What you should do:
Exclude the pictures, then quote exactly the lines from the one holding "Vlinder plat" through the last line of the records.

Segment Start: Supplied information

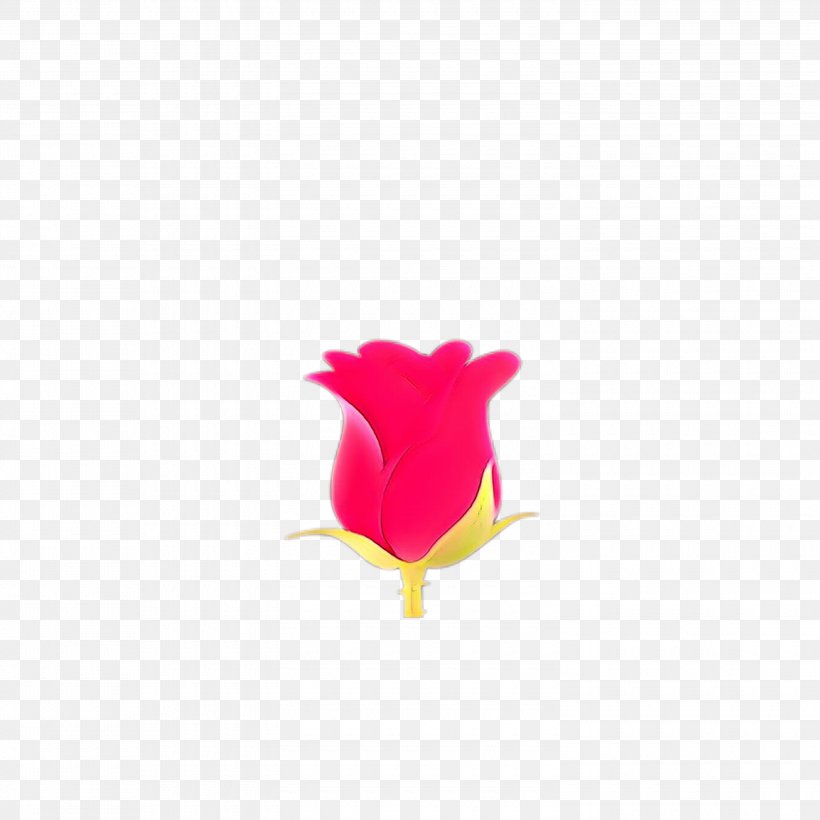 Pink Flower Cartoon, PNG, 3000x3000px, Cartoon, Bud, Closeup, Computer, Flower Download Free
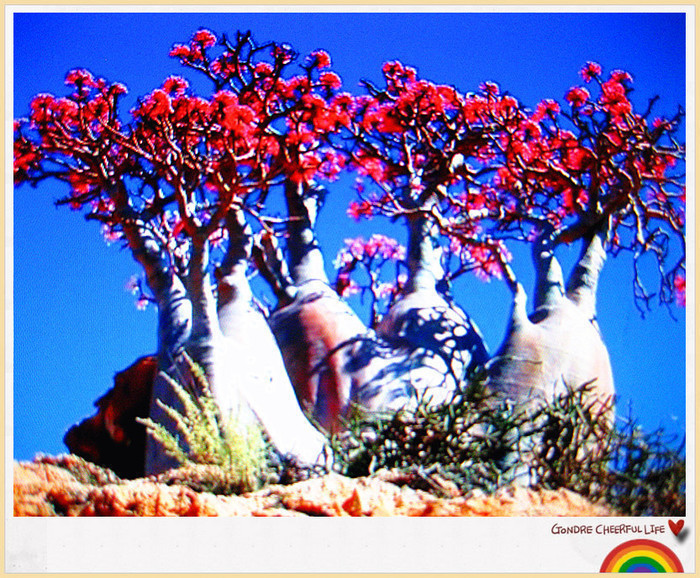 ���� IMG_2246_����.jpg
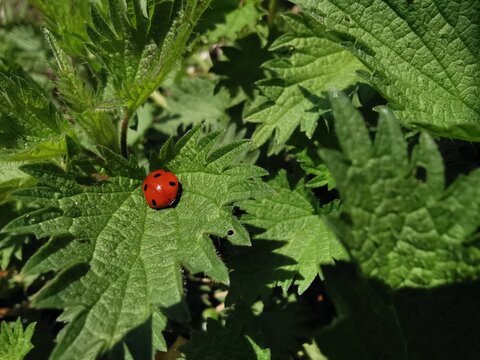 Ein roter Marienkäfer oder Herrgottskäfer auf grüner Brennnessel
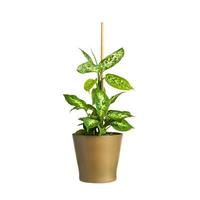 A pot with a home plant on a white isolated background. Decorations for the house or room. Diffenbachia or blunt reed in a pot. photo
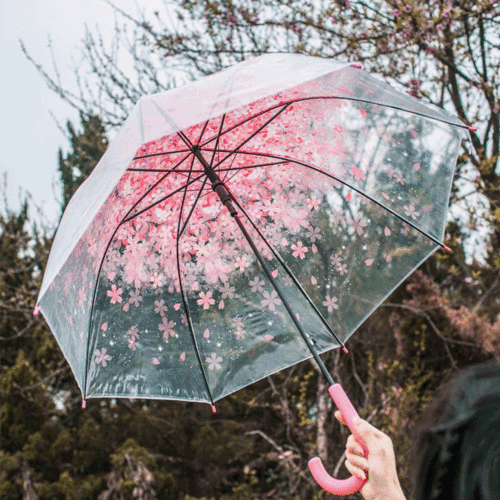 잔잔한 꽃잎 우산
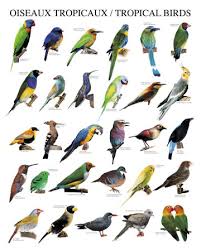 tropical birds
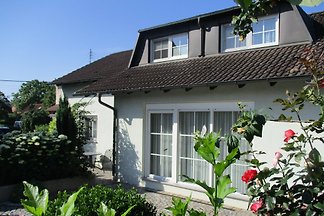 Vlinder plat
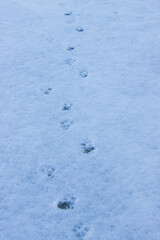 雪道に残る犬の足跡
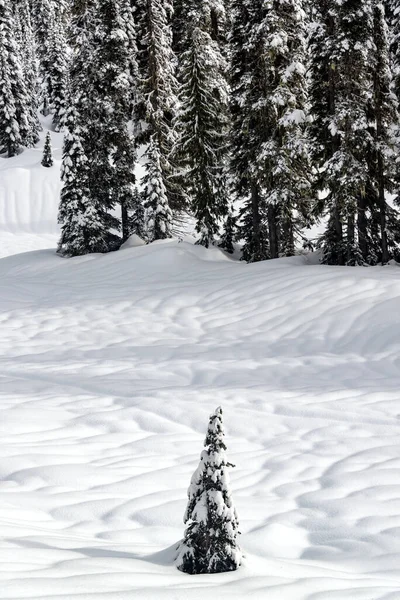 Одинокое Дерево Покрытое Снегом Горе Национальный Парк Рейнир Вашингтоне — стоковое фото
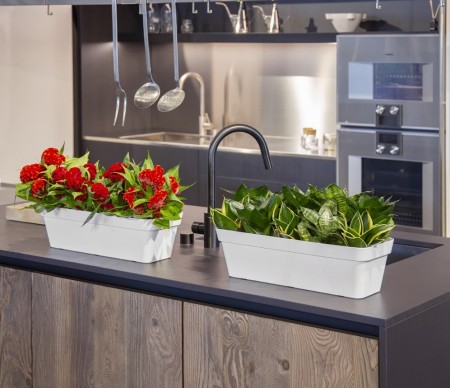 Humidifier l'air: plantes dépolluantes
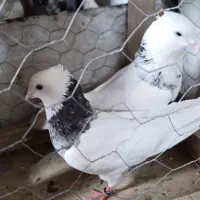 کبوتر پرشی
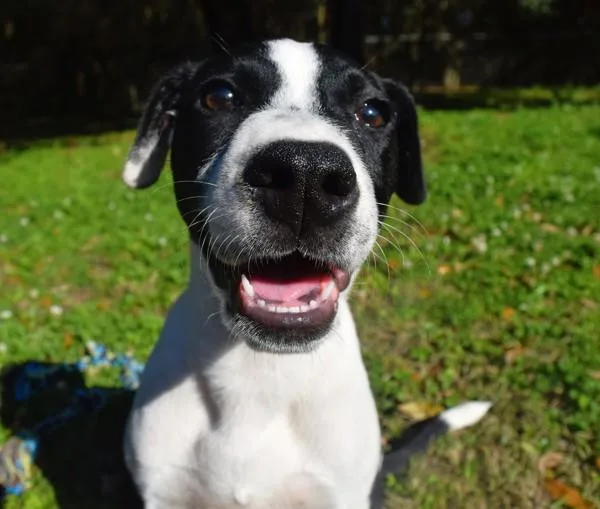 Happy Meal thumbnail 5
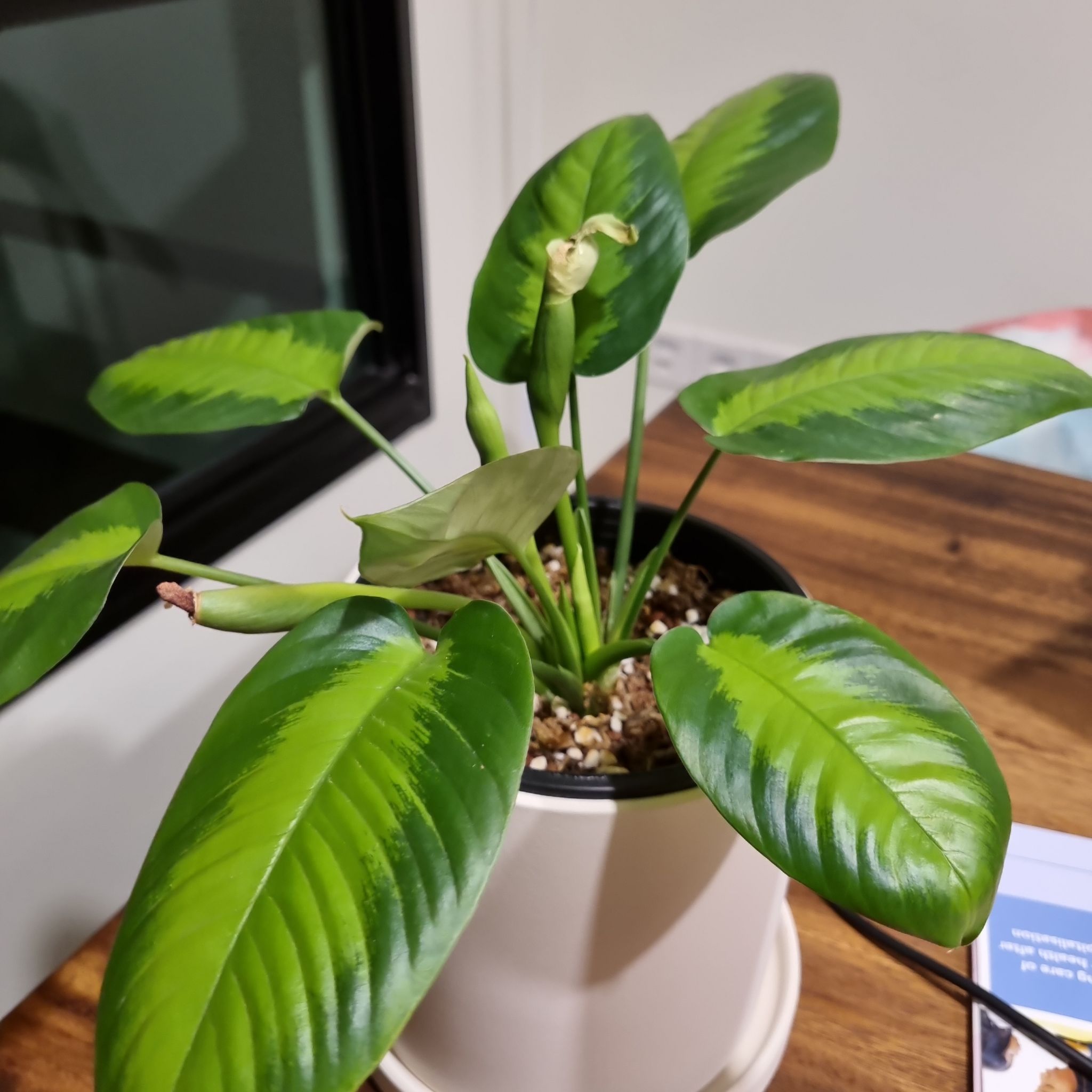 Healthy Schismatoglottis wallichii plant in a pot with vibrant green leaves.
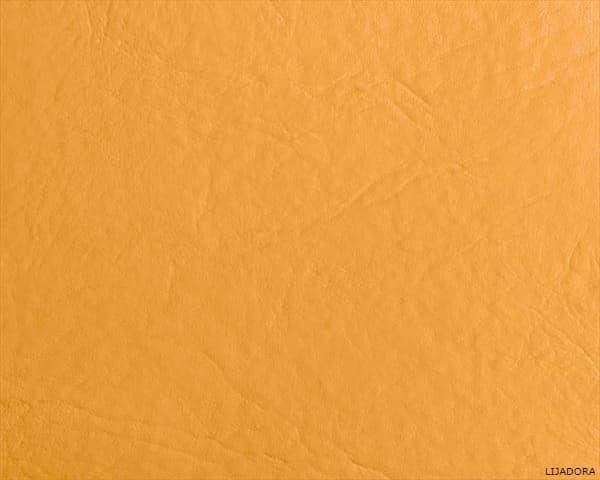 IMAGEN DEL COLOR CAMEL / CAMEL COLOUR IMAGE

Segment End: Supplied information

Solution to the problem:
 Vlinder plat
 雪道に残る犬の足跡
 Одинокое Дерево Покрытое Снегом Горе Национальный Парк Рейнир Вашингтоне — стоковое фото
 Humidifier l'air: plantes dépolluantes
 کبوتر پرشی
 Happy Meal thumbnail 5
 Healthy Schismatoglottis wallichii plant in a pot with vibrant green leaves.
 IMAGEN DEL COLOR CAMEL / CAMEL COLOUR IMAGE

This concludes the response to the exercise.